Dentes tão brancos

359 24 0
                                    

        Andréia entrou em casa às três da manhã e encontrou sua mãe em pânico.

  — Minha filha, o que aconteceu?

  — Não sei.

    Não era mentira. E estava perturbada demais para inventar uma desculpa qualquer.

  — Como não sabe? Você sai de casa dizendo que vai a uma festa na casa da Mariana, desaparece sem dar notícias, deixa todo mundo preocupado e ainda diz que não sabe?

    A mãe estava realmente furiosa.

    — Eu fui à festa na casa da Mariana — defendeu-se Andréia.

    — Como foi se ninguém viu você lá?

    — Eu estava lá — insistiu a menina.

    — Até agora? — berrou a mãe, que, evidentemente, não acreditava na versão da filha.

    — Até agora.

    — E pode explicar como nem a Mariana, nem as suas amigas, nem ninguém viu você na festa?

    A mãe era um puro desatino. Andréia nunca tinha feito uma coisa dessa antes. Mas parecia que o bom comportamento pregresso não lhe trazia nenhuma vantagem.

    O fato é que Andréia não sabia dizer o que tinha acontecido. Não que lhe falhasse a memória. Lembrava bem cada detalhe da noite. O problema era encontrar as palavras. Sentia-se esquisita, flutuante, como se tivesse sido jogada num mundo totalmente desconhecido. Estava com medo. Muito medo. Mas não saberia explicar exatamente do quê. Apenas sabia que uma coisa terrível tinha acontecido. Alguma coisa cujos desdobramentos ainda não conseguia prever.

    Tentou reordenar os fatos da noite em sua mente. Talvez assim conseguisse uma explicação para tudo aquilo.

 * * *

   Tinha chegado cedo à casa de Mariana. A festa ainda não tinha começado, e a amiga estava no quarto se arrumando. Dirigiu-se ao jardim, que estava especialmente bonito para a ocasião. Não que fosse uma festa especial, não era. Mas Mariana transformava qualquer reunião de amigos num grande baile. Não lhe faltava dinheiro para isso. Nem bom gosto. Nem criatividade.

    A festa do dia era à fantasia e tinha como tema a Morte. Cada qual deveria imaginar uma maneira interessante de passar dessa para melhor e inventar uma fantasia que combinasse com sua idéia.

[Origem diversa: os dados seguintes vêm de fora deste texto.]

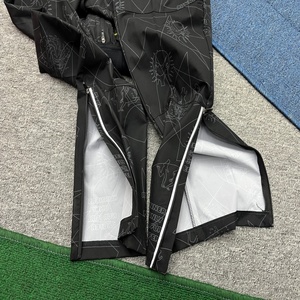 <strong>Men's</strong> Printed Athletic Pants with <strong>Drawstring</strong> Waist Quick Dry Breathable Sport <strong>Trousers</strong> for Gym Training sport pants wholesale - Product Image 6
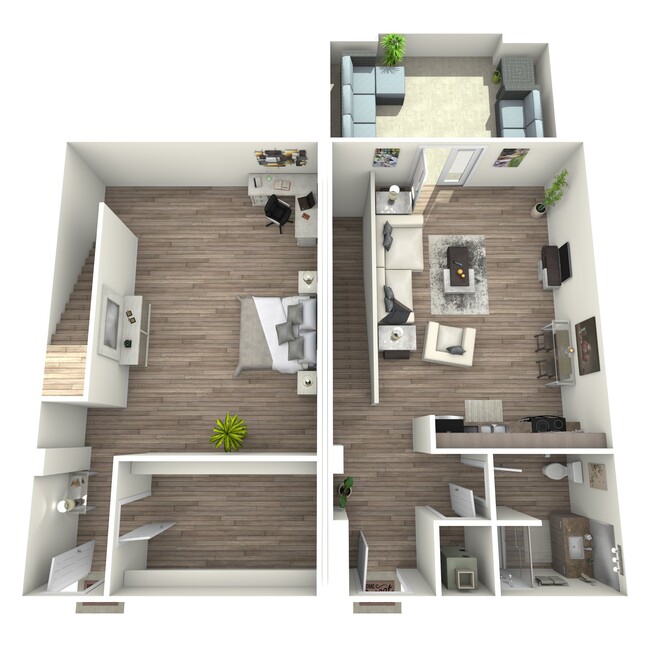 Floorplan - VFW Lofts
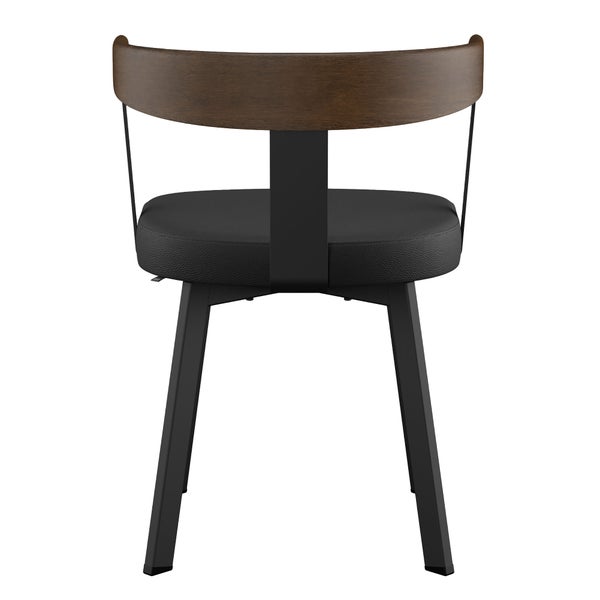 Amisco Lars Dining Chair in Polyurethane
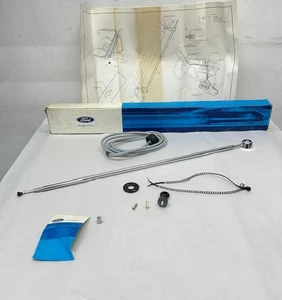 NOS Ford D8RZ-18813-B Radio Antenna Kit 1978–79 Fiesta OEM FoMoCo - Picture 1 of 7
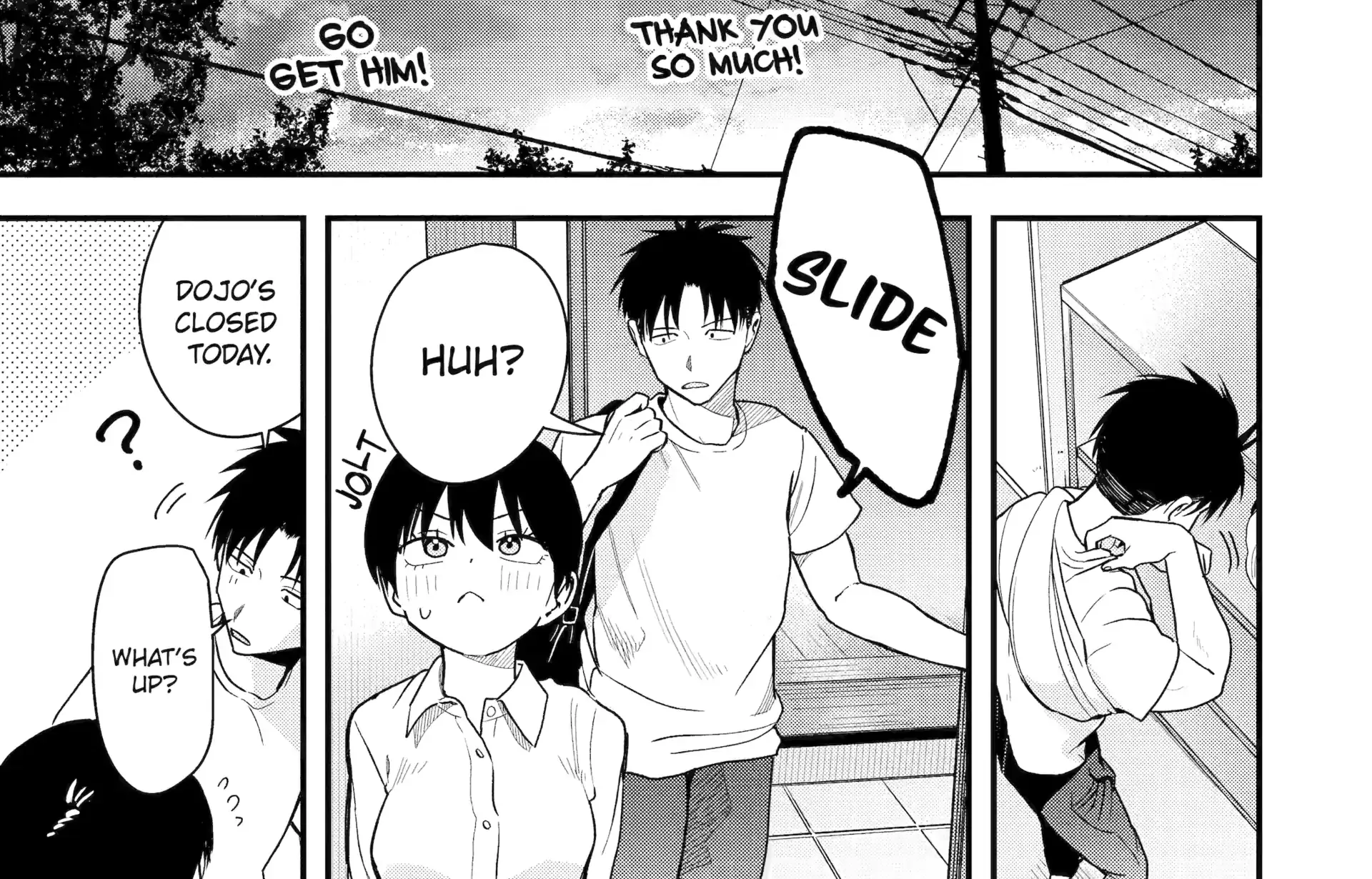 Read Boyish Girlfriend chapter 32 image 13 on Lezhin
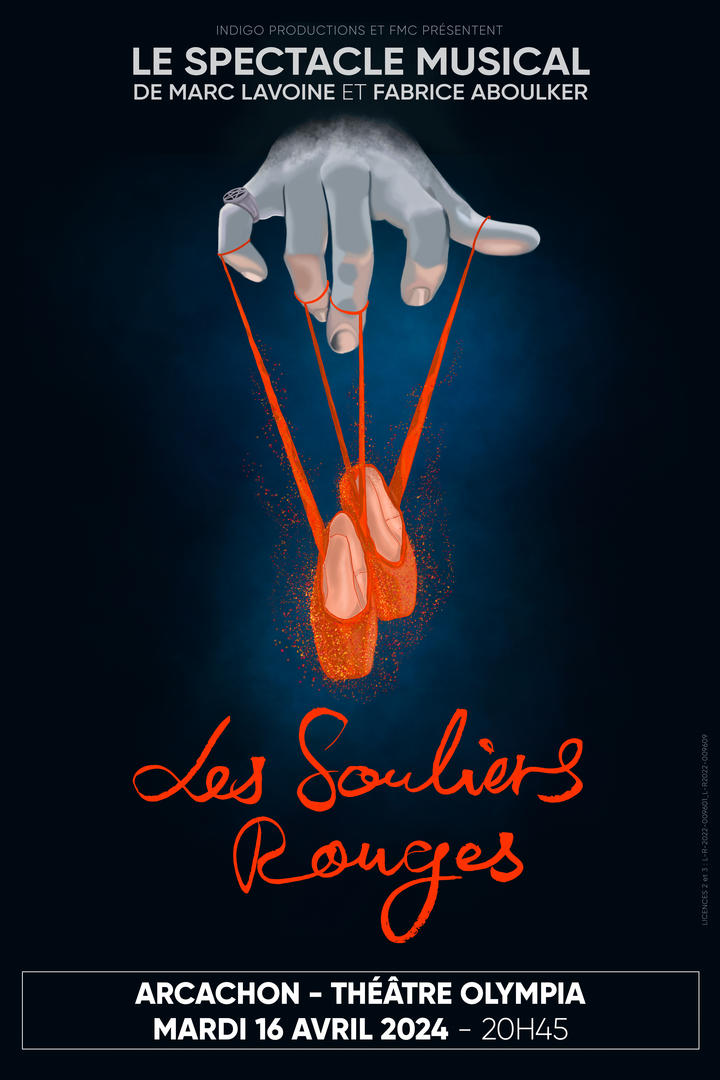 "Les Souliers Rouges"
                    
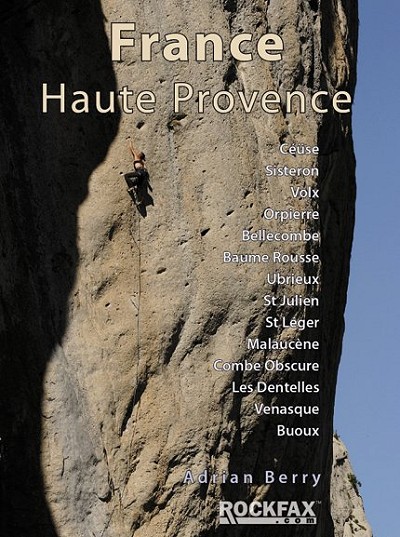 France : Haute Provence Rockfax Cover  © Rockfax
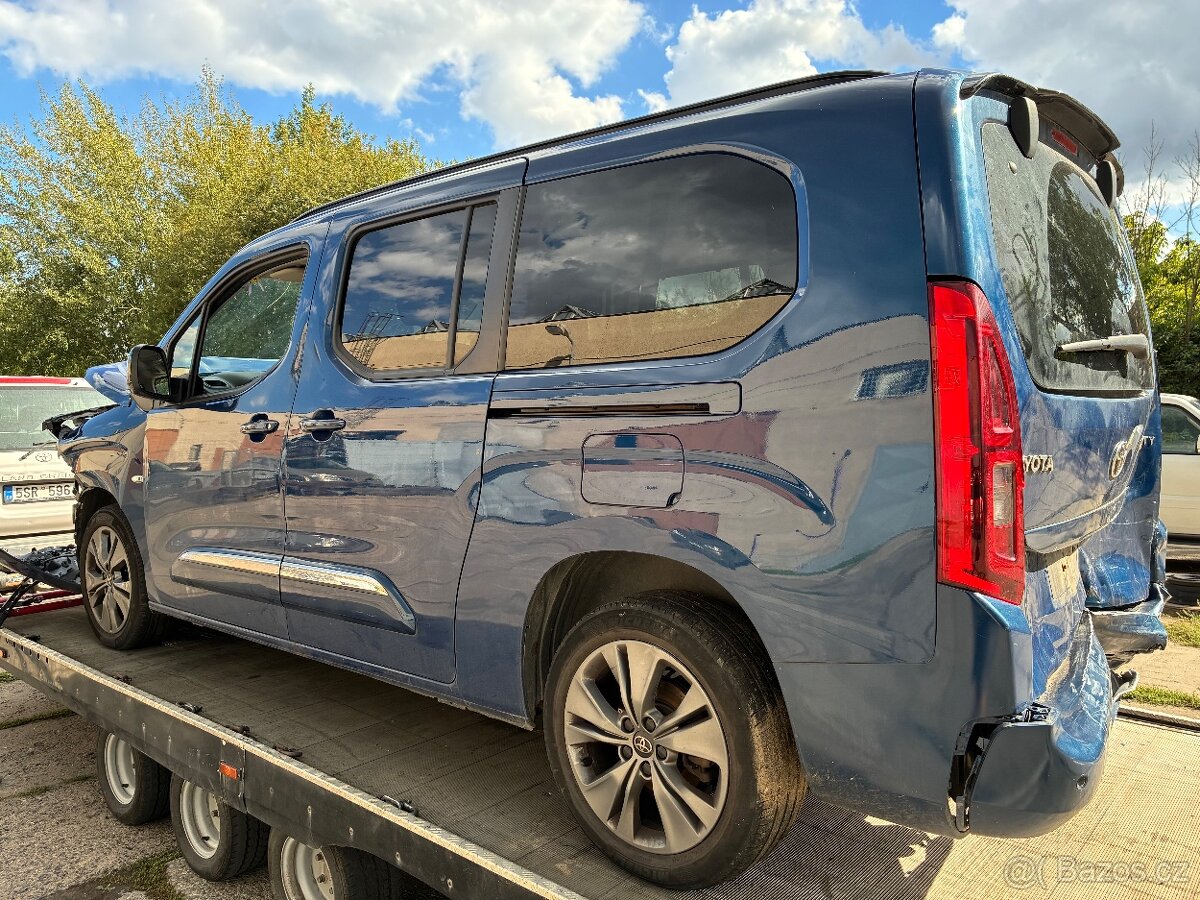 Toyota Proace city 1.5D4D - 2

    Marcelo já tinha avisado que iria de pijama: queria morrer dormindo. Mirela providenciaria trajes de aviadora: achava lindos os acidentes trágicos. Beatriz aplicara dúzias de camélias em seu vestido, em homenagem à Dama das Camélias, a pianista que tinha sido levada embora pela tuberculose.

    Andréia pensara em alguma coisa bem romântica. Queria morrer de amor. Dissolver-se em paixão. Por isso, decidiu alugar um traje de época, um luxuoso vestido que imitava os usados no século XVI, decotadíssimo, armadíssimo, muito sensual.

    Prendeu os cabelos cacheados num coque no alto da cabeça, deixando à vista a nuca. Pegou o pó-de-arroz da mãe e passou uma generosa camada no rosto, no colo e no pescoço. Ficou branquíssima. E linda.

    Agora sim, parecia uma musa de poeta romântico, dessas que morrem virgens, jovens e belas, e carregam para o túmulo o coração do amado. Pelo menos, era assim que se sentia quando chegou à casa de Mariana.

 * * *

    Como a amiga ainda não tinha descido, decidiu circular pelos jardins, ainda desertos àquela hora. Havia apenas alguns músicos que terminavam de montar seus instrumentos no palco armado em meio ao gramado. Assim que se aproximou, teve sua atenção voltada para um deles, um jovem de beleza incomum que ensaiava algumas notas ao violino enquanto o resto do grupo ligava fios às caixas de som. Alto, magro, com cabelos ruivos que lhe caíam até a cintura e vestido com um smoking, o rapaz parecia indiferente ao atarefamento dos colegas. Tocava, de olhos fechados, uma melodia capaz de emocionar qualquer pessoa, até mesmo Andréia, mais chegada a um rock, um metal pesado ou qualquer coisa que tivesse mais ritmo do que som.